MARIKO Watanabe admits she could have chosen a better time to take up baking. This week, when the Tokyo housewife visited her local Ito-Yokado supermarket to buy butter to make a cake, she found the shelves bare.
“I went to another supermarket, and then another, and there was no butter at those either. Everywhere I went there were notices saying Japan has run out of butter. I couldn’t believe it – this is the first time in my life I’ve wanted to try baking cakes and I can’t get any butter,” said the frustrated cook.
Japan’s acute butter shortage, which has confounded bakeries, restaurants and now families across the country, is the latest unforeseen result of the global agricultural commodities crisis.
A sharp increase in the cost of imported cattle feed and a decline in milk imports, both of which are typically provided in large part by Australia, have prevented dairy farmers from keeping pace with demand.
While soaring food prices have triggered rioting among the starving millions of the third world, in wealthy Japan they have forced a pampered population to contemplate the shocking possibility of a long-term – perhaps permanent – reduction in the quality and quantity of its food.
A 130% rise in the global cost of wheat in the past year, caused partly by surging demand from China and India and a huge injection of speculative funds into wheat futures, has forced the Government to hit flour millers with three rounds of stiff mark-ups. The latest – a 30% increase this month – has given rise to speculation that Japan, which relies on imports for 90% of its annual wheat consumption, is no longer on the brink of a food crisis, but has fallen off the cliff.
According to one government poll, 80% of Japanese are frightened about what the future holds for their food supply.
Last week, as the prices of wheat and barley continued their relentless climb, the Japanese Government discovered it had exhausted its ¥230 billion ($A2.37 billion) budget for the grains with two months remaining. It was forced to call on an emergency ¥55 billion reserve to ensure it could continue feeding the nation.
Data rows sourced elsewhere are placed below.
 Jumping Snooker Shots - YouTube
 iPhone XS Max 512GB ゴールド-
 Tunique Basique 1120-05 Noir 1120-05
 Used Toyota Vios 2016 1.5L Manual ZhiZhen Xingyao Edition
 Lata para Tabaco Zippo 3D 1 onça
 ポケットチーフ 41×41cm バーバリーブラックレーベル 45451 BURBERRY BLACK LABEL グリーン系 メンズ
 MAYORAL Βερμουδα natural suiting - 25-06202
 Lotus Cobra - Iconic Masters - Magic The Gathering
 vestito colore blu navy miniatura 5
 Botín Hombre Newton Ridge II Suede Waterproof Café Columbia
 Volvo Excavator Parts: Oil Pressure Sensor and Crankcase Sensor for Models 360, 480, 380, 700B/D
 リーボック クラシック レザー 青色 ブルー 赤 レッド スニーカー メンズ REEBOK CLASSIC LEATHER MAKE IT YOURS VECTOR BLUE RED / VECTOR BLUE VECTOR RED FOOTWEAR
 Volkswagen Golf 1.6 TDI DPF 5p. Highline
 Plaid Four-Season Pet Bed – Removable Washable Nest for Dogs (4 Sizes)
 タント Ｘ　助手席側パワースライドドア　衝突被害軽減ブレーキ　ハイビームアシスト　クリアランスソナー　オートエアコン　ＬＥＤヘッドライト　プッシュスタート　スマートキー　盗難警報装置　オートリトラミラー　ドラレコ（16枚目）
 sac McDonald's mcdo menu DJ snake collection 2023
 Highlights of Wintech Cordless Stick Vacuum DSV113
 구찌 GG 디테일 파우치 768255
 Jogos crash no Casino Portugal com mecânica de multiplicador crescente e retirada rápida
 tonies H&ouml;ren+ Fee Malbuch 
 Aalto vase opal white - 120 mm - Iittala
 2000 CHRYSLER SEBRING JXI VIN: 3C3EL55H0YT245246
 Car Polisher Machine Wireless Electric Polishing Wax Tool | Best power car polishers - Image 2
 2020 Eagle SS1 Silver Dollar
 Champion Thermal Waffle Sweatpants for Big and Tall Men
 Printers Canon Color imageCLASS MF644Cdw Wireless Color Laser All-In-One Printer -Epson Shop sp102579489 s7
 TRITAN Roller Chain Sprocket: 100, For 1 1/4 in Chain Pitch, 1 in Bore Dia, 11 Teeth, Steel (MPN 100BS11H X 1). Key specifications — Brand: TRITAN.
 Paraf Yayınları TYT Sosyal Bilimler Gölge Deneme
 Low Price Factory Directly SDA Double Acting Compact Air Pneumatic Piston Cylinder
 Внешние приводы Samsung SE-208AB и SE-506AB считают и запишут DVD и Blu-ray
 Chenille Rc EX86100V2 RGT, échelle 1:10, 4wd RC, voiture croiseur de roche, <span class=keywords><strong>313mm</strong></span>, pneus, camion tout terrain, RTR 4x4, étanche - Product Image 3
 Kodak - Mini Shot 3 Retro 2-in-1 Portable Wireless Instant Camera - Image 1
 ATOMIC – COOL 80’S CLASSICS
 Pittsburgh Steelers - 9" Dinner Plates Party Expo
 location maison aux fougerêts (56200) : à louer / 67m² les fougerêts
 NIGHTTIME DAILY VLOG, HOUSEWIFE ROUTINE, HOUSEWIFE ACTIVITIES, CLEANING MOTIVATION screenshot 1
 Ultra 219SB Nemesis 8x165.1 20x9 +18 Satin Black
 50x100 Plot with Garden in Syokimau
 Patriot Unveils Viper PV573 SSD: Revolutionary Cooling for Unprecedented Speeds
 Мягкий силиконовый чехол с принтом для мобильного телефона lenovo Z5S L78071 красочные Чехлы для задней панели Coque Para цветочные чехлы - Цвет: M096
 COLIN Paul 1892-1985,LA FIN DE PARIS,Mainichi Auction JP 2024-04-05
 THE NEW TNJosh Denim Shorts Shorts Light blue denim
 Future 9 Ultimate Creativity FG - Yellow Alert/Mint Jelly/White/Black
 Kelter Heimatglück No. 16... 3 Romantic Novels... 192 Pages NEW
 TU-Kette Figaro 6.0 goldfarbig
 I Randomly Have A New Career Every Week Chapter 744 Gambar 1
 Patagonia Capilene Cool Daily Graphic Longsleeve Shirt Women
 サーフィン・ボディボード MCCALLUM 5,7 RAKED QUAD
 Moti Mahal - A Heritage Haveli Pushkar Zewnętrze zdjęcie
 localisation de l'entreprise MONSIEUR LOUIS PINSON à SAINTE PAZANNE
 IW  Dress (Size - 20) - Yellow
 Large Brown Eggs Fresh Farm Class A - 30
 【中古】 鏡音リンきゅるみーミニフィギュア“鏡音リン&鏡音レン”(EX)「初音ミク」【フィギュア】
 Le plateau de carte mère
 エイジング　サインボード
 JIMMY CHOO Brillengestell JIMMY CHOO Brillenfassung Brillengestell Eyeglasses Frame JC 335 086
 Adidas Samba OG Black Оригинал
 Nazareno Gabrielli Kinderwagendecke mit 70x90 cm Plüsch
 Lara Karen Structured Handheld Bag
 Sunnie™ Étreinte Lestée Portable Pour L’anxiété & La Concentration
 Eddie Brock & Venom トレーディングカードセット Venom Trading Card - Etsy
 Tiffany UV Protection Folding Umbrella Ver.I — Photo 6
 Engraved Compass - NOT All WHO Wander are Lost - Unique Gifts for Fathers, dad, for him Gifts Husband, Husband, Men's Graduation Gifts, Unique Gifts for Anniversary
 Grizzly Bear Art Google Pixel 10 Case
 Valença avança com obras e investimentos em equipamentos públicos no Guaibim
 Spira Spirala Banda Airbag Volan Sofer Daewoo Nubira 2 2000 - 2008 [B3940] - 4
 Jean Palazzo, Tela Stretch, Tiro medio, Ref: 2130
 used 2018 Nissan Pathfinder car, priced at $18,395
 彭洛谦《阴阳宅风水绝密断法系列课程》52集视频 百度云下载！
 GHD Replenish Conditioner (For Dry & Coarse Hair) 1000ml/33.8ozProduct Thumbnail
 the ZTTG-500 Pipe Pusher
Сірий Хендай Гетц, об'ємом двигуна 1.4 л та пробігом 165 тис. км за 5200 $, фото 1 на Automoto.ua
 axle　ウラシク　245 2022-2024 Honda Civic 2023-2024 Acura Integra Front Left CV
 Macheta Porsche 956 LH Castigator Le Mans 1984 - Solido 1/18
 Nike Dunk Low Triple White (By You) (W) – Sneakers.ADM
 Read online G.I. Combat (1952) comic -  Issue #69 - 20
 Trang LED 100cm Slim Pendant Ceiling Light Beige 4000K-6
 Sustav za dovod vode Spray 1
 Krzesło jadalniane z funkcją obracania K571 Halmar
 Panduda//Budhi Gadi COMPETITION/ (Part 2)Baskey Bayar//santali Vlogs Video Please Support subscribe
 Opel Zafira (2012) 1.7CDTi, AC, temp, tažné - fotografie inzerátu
“This was the first time the Government has had to take such drastic action since the war,” said Akio Shibata, an expert on food imports, who warned the Agriculture Ministry two years ago that Japan would have to cut back drastically on its sophisticated diet if it did not become more self-sufficient.In the wake of the decision this week by Kazakhstan, the world’s fifth biggest wheat exporter, to join Russia, Ukraine and Argentina in stopping exports to satisfy domestic demand, the situation in Japan is expected to worsen.